Exercise data Block Start
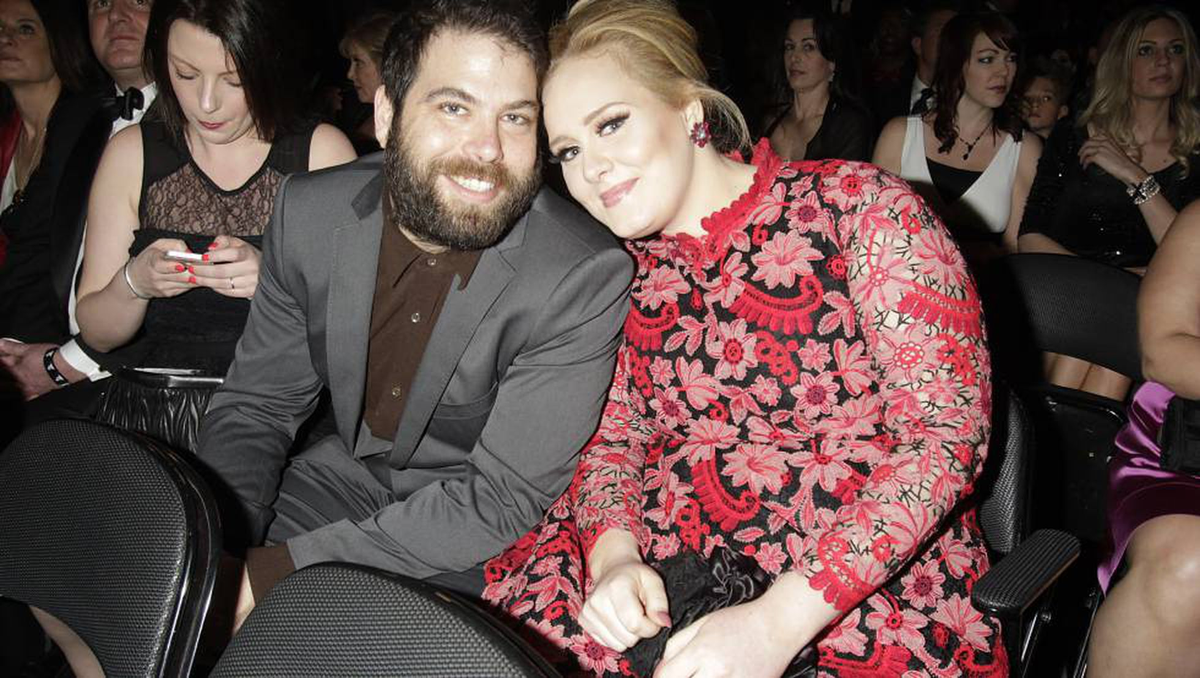 Adele junto a Simon Konecki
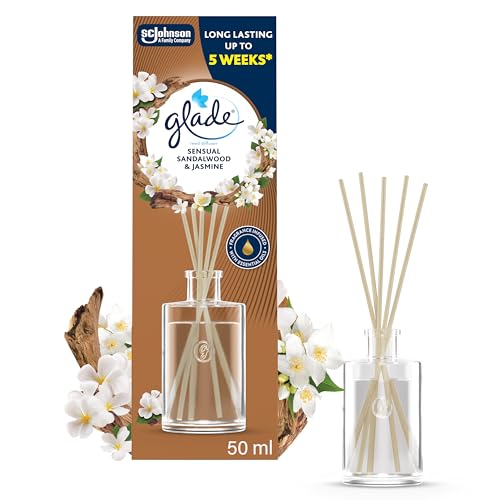 Glade Reed Diffuser Home Fragrance Infused with Essential Oils Room Air Freshener With Up to 5 Weeks of Continuous Fragrance Sandalwood & Jasmine 50ml
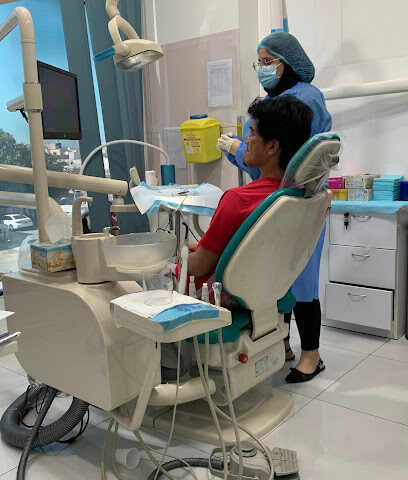 مستوصف عبير النور محيصنة - الفجيرة - +971 4 272 9966
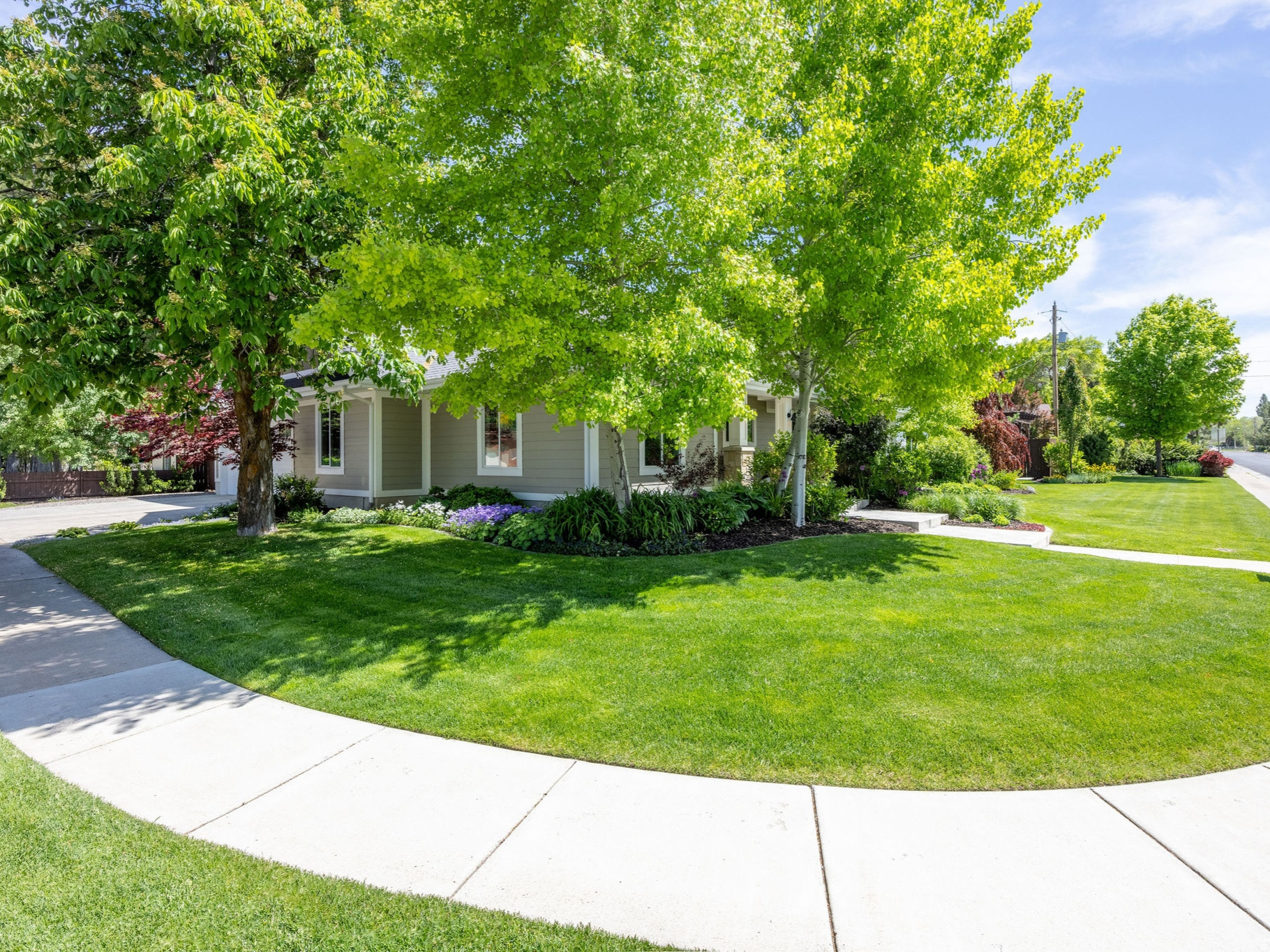 UNIVERSITY HEIGHTS - Residential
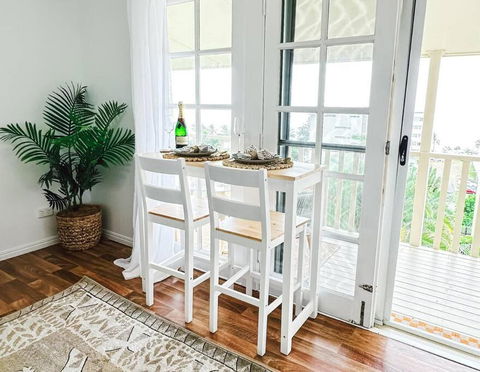 Sandhaven Bungalow - Accommodation Cairns 2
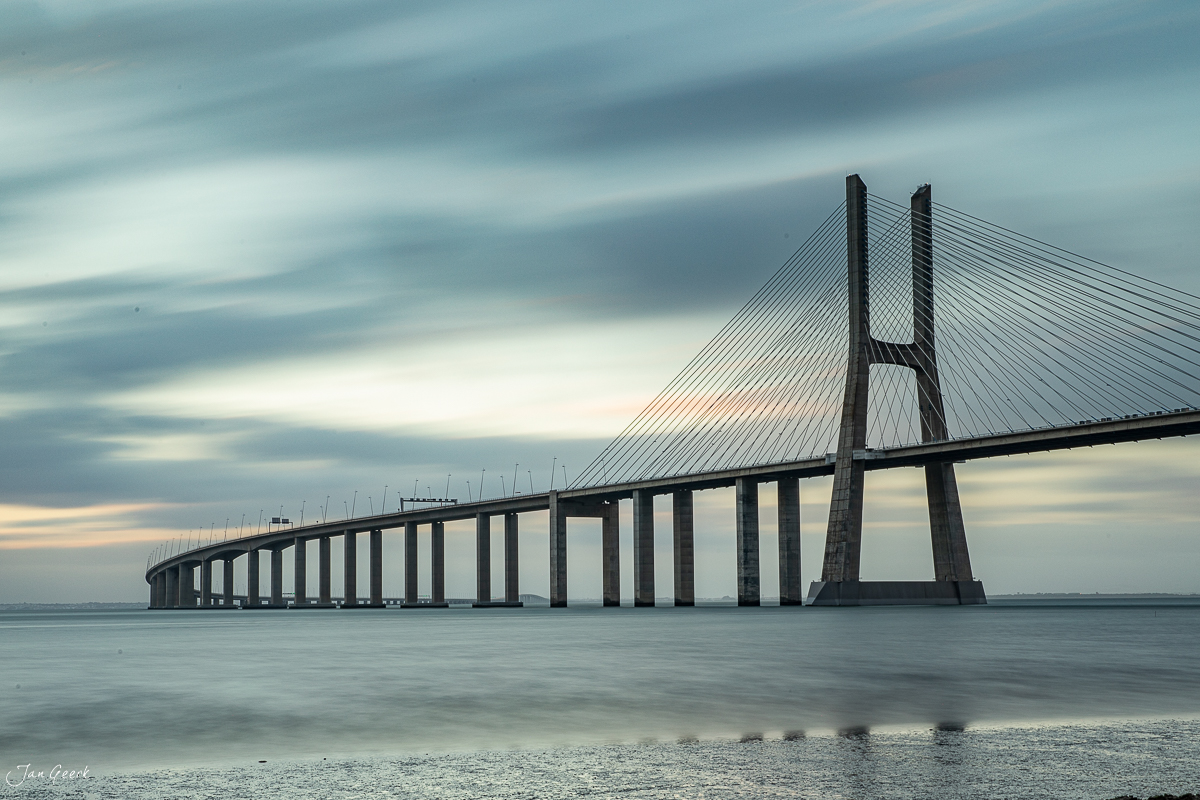 Vasco-da-Gama-Brücke Lissabon Blaue Stunde Portugal – Jan Geerk Fotograf Basel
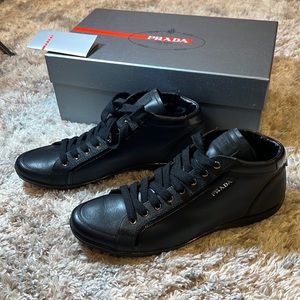 Prada Women's 3T5621  High-Quality scratch resistant Saffiano Leather Sneaker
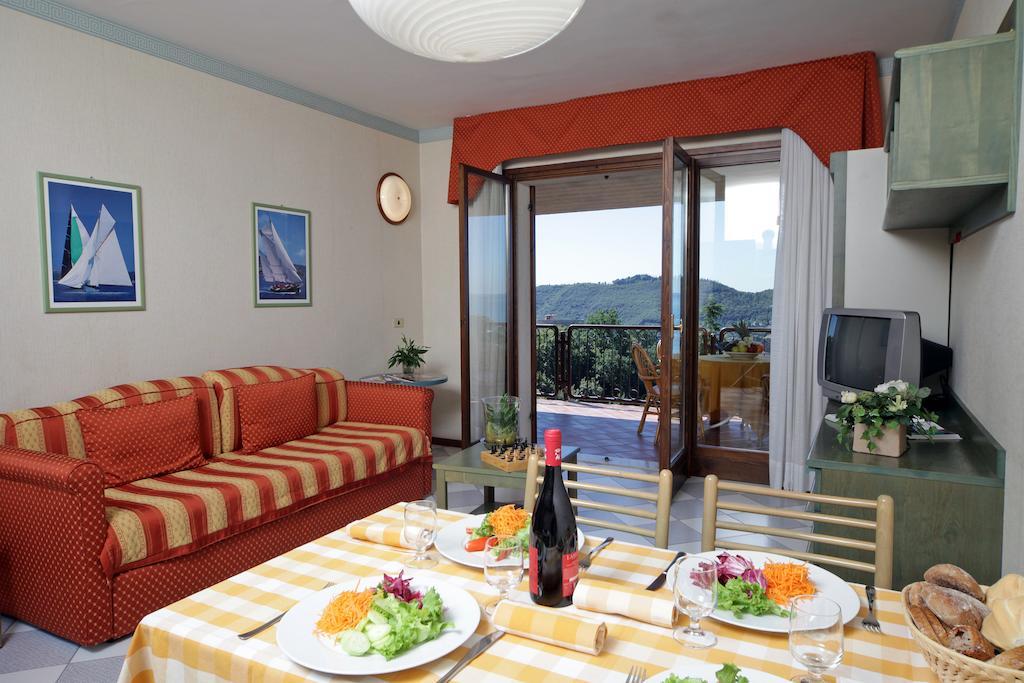 Residence Madrigale Marciaga Екстер'єр фото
Exercise data Block End
» **To do**
Every line of the material must be returned verbatim, and pictures must be left behind.

» **Exercise output**
 Adele junto a Simon Konecki
 Glade Reed Diffuser Home Fragrance Infused with Essential Oils Room Air Freshener With Up to 5 Weeks of Continuous Fragrance Sandalwood & Jasmine 50ml
 مستوصف عبير النور محيصنة - الفجيرة - +971 4 272 9966
 UNIVERSITY HEIGHTS - Residential
 Sandhaven Bungalow - Accommodation Cairns 2
 Vasco-da-Gama-Brücke Lissabon Blaue Stunde Portugal – Jan Geerk Fotograf Basel
 Prada Women's 3T5621  High-Quality scratch resistant Saffiano Leather Sneaker
 Residence Madrigale Marciaga Екстер'єр фото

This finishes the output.